I never actually used a version with actual ROMs (except for the one I have
sitting here in my shop).  All development was done with special RAM cards
in place of the ROM.  Made development *much* easier.

However, development was not without its pain.  When I started, a full build
of the base software (e.g. full ROM image) took a week (yep, 7 days).  So
we would carry around “patches”.  Both “blessed” patches and our own
individual test patches.

Getting those into the “official” build cleanly usually resulted in 2 or 3 attempts
because how you needed to develop a patch was different than actually
putting in the change in built source.  So when a new build came out, tests
would be run and additional patches applied.  It was a real pain.

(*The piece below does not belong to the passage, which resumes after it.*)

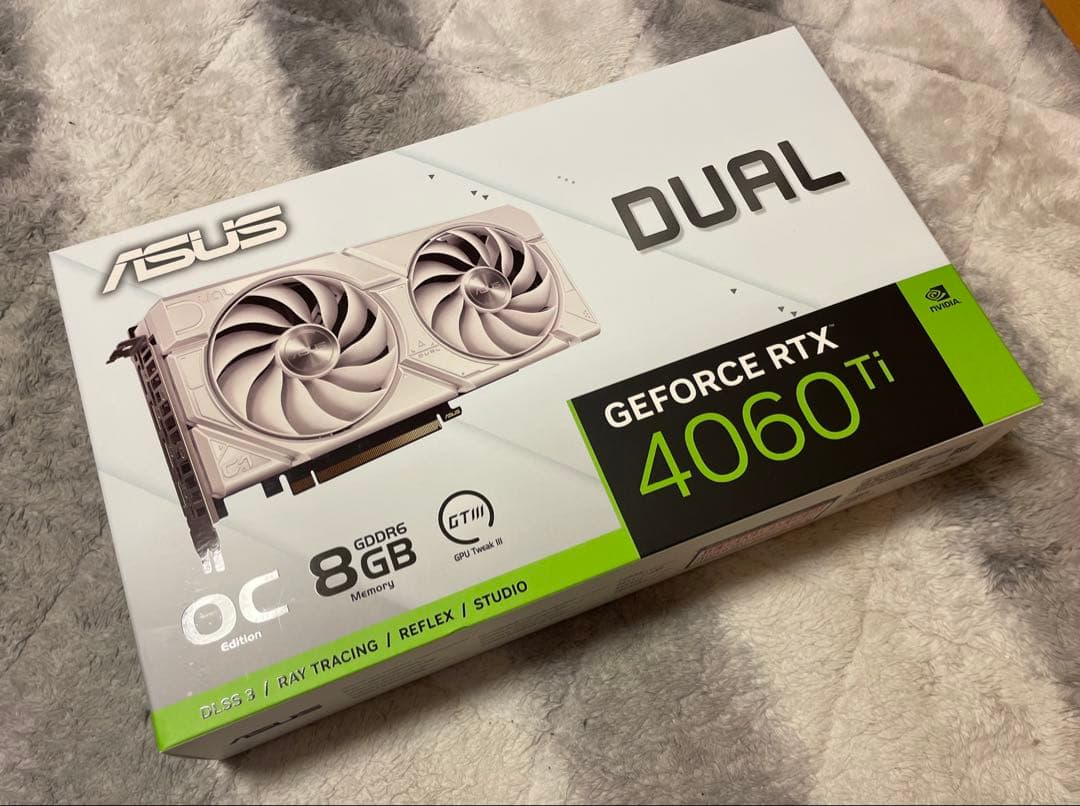 グラフィックボード・グラボ・ビデオカード GeForce RTX 4060 Ti 8GB GDDR6 White
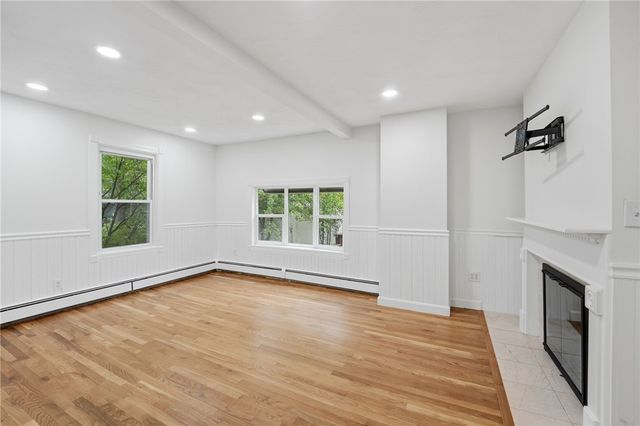 59 Central Avenue, North Providence, RI 02911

We were jumping up and down for joy when the build was moved to the
mainframe and we would get builds back in ~24 hours!

> 
>> The patching was accomplished by having each major or critical
>> function in the ROM be dispatched through a call table (that is
>> placed in RAM at boot and can be “patched” to point to a different
>> function).  It was *more* than just the ROM address as it also
>> contained the bank # of the ROM as well since (with few exceptions)
>> all calls were “long calls”.
> 
> Thanks for the enlightenment!  Were you involved in the development of
> these machines?

Yes, it was my first job out of college.  I wrote about 20% of the ROM code:
floating point code…which because it was a “business” machine was all done in BCD
formatting code (anything that is done via print and print using).  I don’t recall if I did anything on the “input” side.
unwinding expressions when you do a “list”.  The source is always thrown away and just the bytecode is retained so the source needs to be “recreated”.
a bunch of other stuff that I can’t recall now.

> 
> Presumably there's an I/O to be done to the mapping hardware as part of
> a "long call”?

That is correct.

TTFN - Guy